━━━━━ Collected material ━━━━━

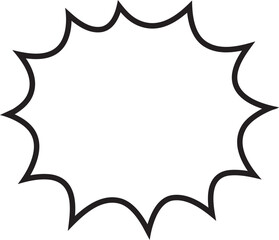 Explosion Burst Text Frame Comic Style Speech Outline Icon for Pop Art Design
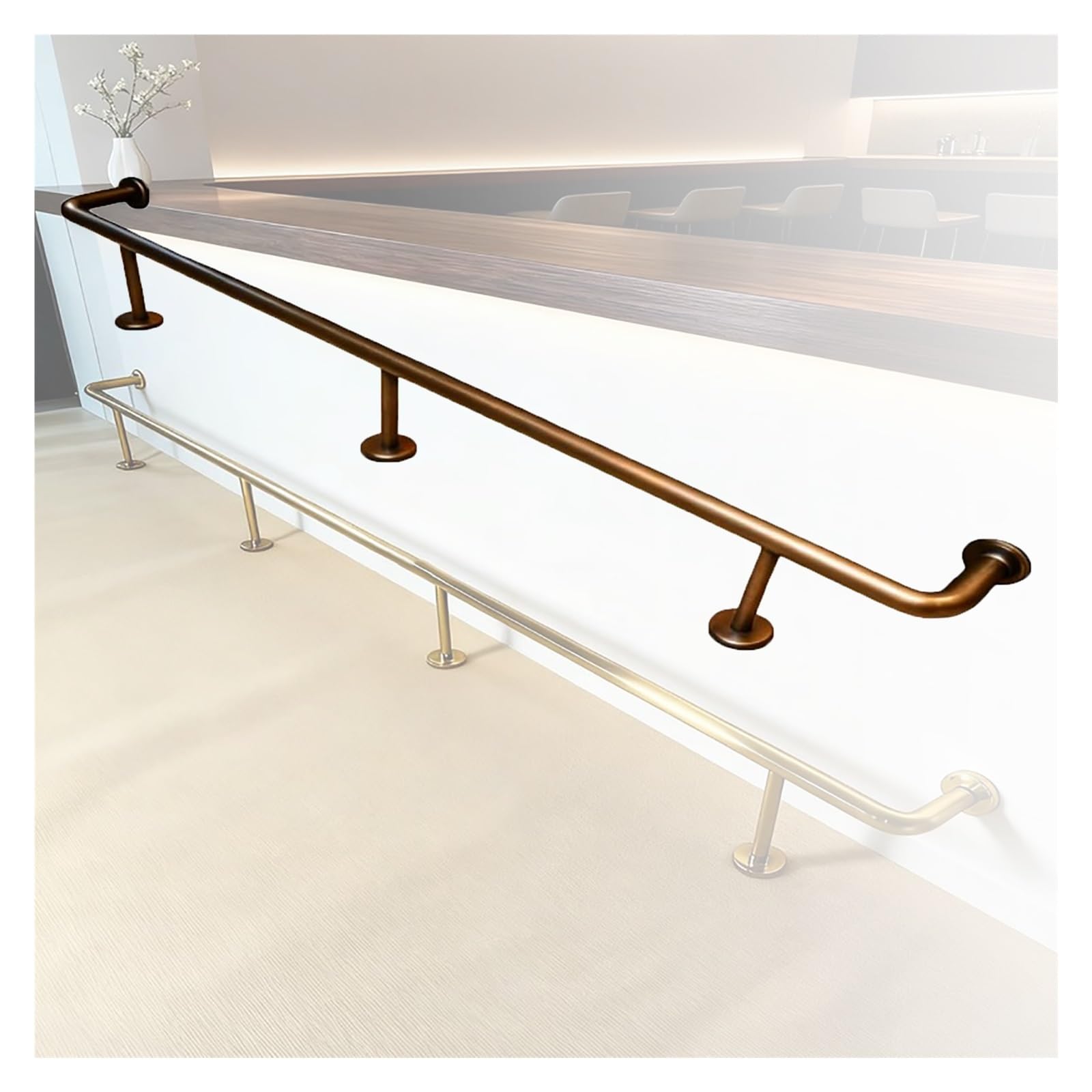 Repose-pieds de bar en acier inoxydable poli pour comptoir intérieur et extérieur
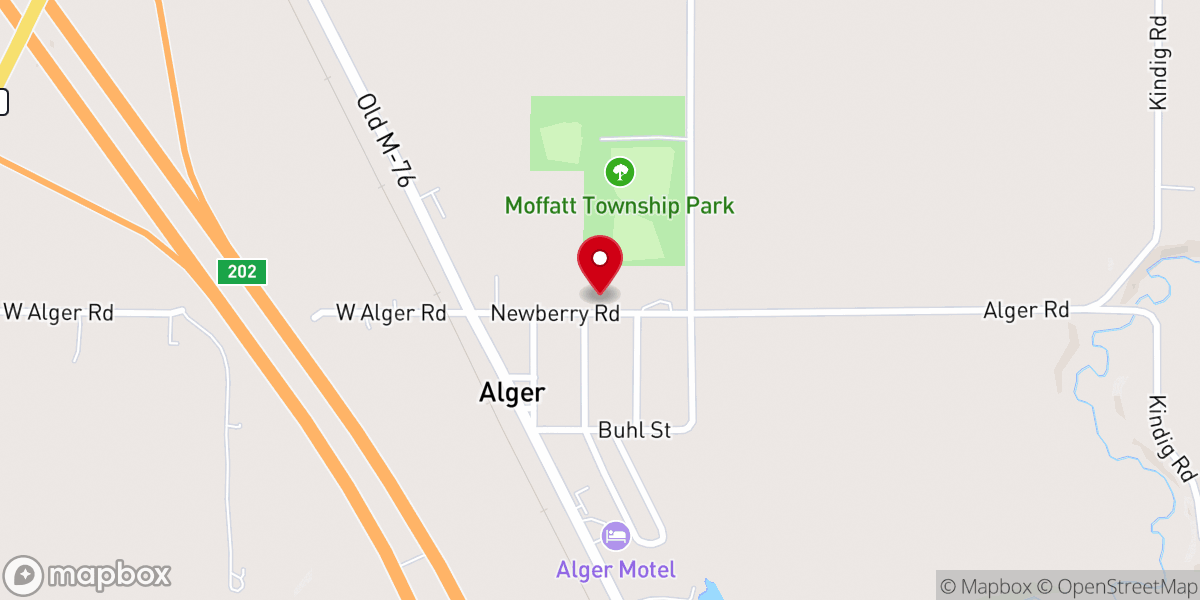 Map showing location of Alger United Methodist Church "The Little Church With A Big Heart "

━━━━━

Exercise description:
A word-for-word copy of the lines from the one with "Repose-pieds de bar" through the final line of the listing above is the whole answer, and it contains no pictures.

Result below:
 Repose-pieds de bar en acier inoxydable poli pour comptoir intérieur et extérieur
 Map showing location of Alger United Methodist Church "The Little Church With A Big Heart "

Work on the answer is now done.